Caer Llion, Caerleon-on-Usk, Caerlion, Carlion, Carlioun, Carlyon, Cayrlyon, Clarion, Karlion, Karliun, Karlyon, Kerlioun


Located on the Usk River above the Severn estuary in Monmouthshire, Wales, Gwent, this city is sometimes called Caerleon-upon-Usk, the site of a Roman fort and amphitheatre, which demonstrates some importance in Roman and post-Roman times. It was one of the most important cities within the realm of King Arthur.

By Vulgate III, this was Arthur's favorite city in which to hold court. After Camelot, it is still possibly Arthur's most famous court city. In some romances, indeed, it eclipses Camelot.

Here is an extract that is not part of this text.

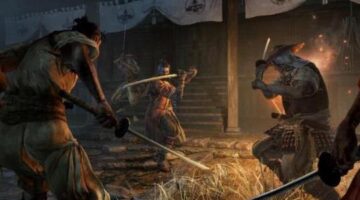 How Sekiro: Shadows Die Twice Became An Activision Game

As a fortress, Malory tells us that it "has a strong tower". Geoffrey of Monmouth wrote that Arthur held court at Caerleon which was based on many Celtic legends.

In the Vulgate Merlin, Arthur’s coronation at Caerleon is interrupted by a rebellion, and a battle is subsequently fought and won by Arthur outside the city. A number of other texts, including several Welsh stories, name Caerleon as Arthur’s main court, at least until the founding of Camelot.

In his Lancelot, Chrétien de Troyes mentions that King Arthur has just left Caerleon to hold court at Camelot, making it sound as though the two are in geographical proximity. Again, he makes it the city in which the Haughty Knight of the Heath and his damsel find Arthur holding a small and intimate little court of only 3,000 famous knights.

The town of Caerleon was the location of a Roman fortress built around AD 74 and the headquarters of the Second Augustan Legion. Locals call the amphitheater the "Round Table". Its name means "City" (originally 'Fort') "of the Legion". As the Roman Isca Silurum, it combined a military establishment with a center of civilian population. It has been proposed as the "City of Legion" that is the scene of Arthur's ninth battle in Nennius. In this context, however, Caerleon is a less probable candidate than Chester, the Roman base near the northern end of the Welsh borderlands. Geoffrey claims it was founded by King Belinus, perhaps the Beli Mawr of the genealogies. He also says that Dubricus (Dubric) was its archbishop. The Arcbishopric of Caerleon passed from Tremonus, during the reign of Ambrosius, to Dubricius, and then to David. It was also the home of Arthur’s fool, Sir Dagonet.

Caerleon's chief importance in Arthurian literature is as the place where Geoffrey of Monmouth has Arthur hold a plenary court, after organizing the conquests made in his first Gallic campaign. Geoffrey may have chosen it simply because it was near his native Monmouth and he had seen the ruins, which in the twelfth century were still conspicuous. In fact, he mentions them. His lavish description of the court prepares the way for the romancers' concept of Camelot as a special Arthurian capital. Here also, he locates the convent to which Guenevere retires.

Its location on the borders of Wales and England made it a place often fought over by the Saxons, Vikings and Welsh. It was when the Normans invaded into Wales that a castle was built here. If Caerleon-on-Usk is the City of the Legion, then it was here that Arthur held his plenary court at Whitsun, attended by representatives from all of Europe. Various sources name Caerleon-on-Usk as Camelot and the city where the Knights of the Round Table were first established.

Today, thanks to excavation and preservation, a large part of the complex of Roman buildings has survived. The amphitheater is the finest specimen in Britain. Before it was restored to daylight, it was covered by an accumulation of earth that concealed the structure but kept the shape, a hollow oval. The resulting mound was claimed locally as the true Round Table, the idea being that the knights sat facing inward as the original spectators did.

Caerleon has a version of the cave legend. A mysterious stranger in a three-cornered hat guided a farmer to a cave where a thousand of Arthur's soldiers lay asleep, waiting till they should be needed. One detail, that their heads were resting on guns, suggests that this tale is hardly one of the earliest forms of the legend.